Activity:
Nothing but the text of the listing, repeated exactly, belongs in the answer; leave the images out.

Provided data:
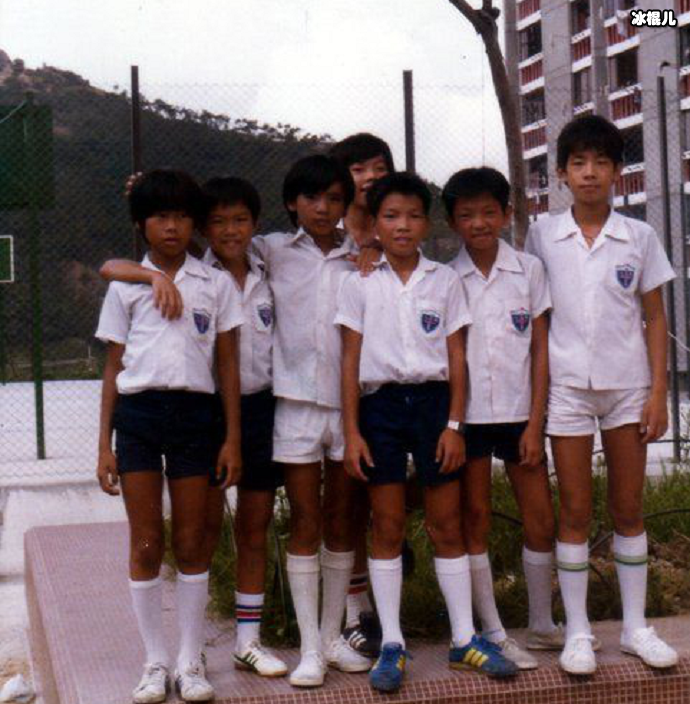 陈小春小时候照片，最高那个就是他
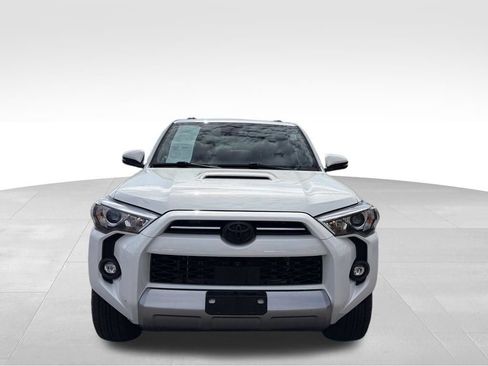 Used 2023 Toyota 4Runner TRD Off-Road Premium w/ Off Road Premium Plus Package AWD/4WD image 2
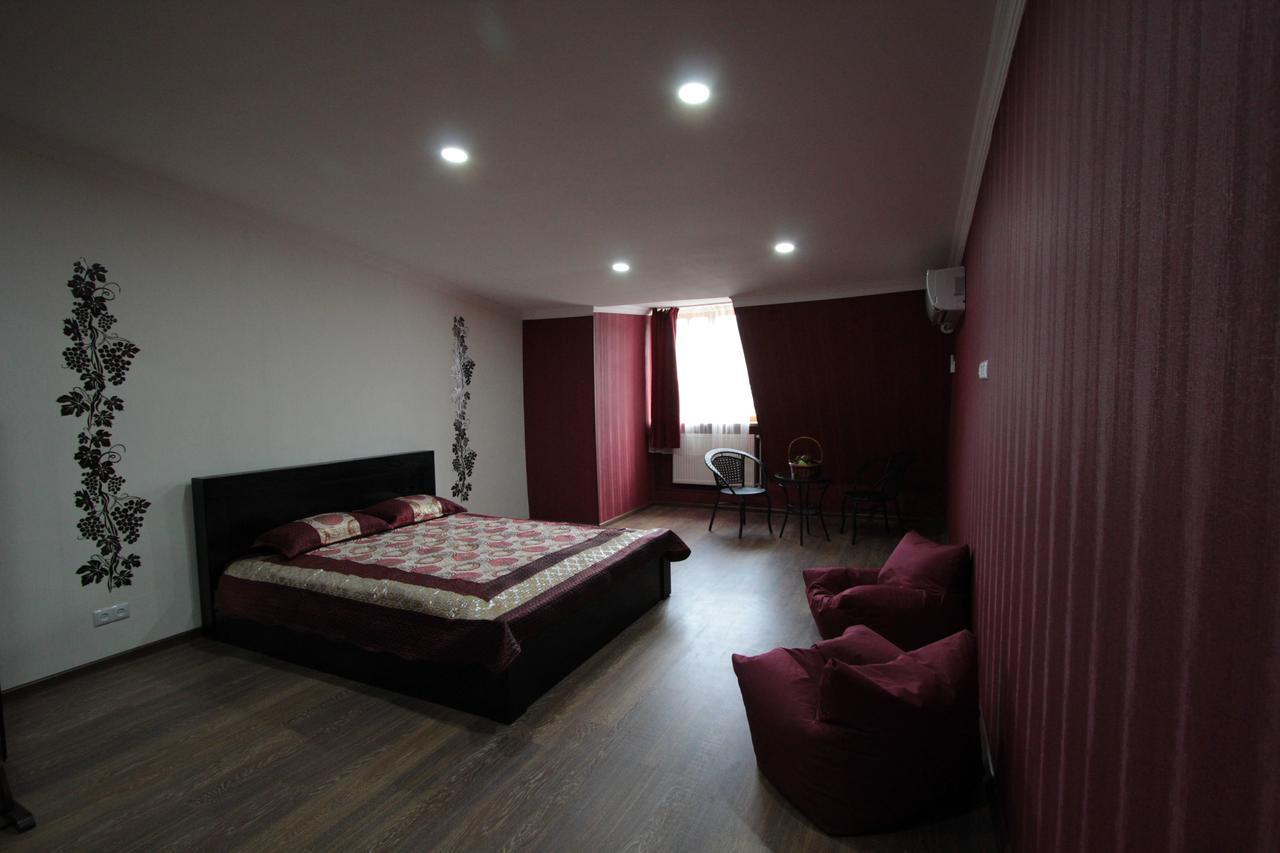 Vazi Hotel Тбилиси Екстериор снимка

Solution to this exercise:
 陈小春小时候照片，最高那个就是他
 Used 2023 Toyota 4Runner TRD Off-Road Premium w/ Off Road Premium Plus Package AWD/4WD image 2
 Vazi Hotel Тбилиси Екстериор снимка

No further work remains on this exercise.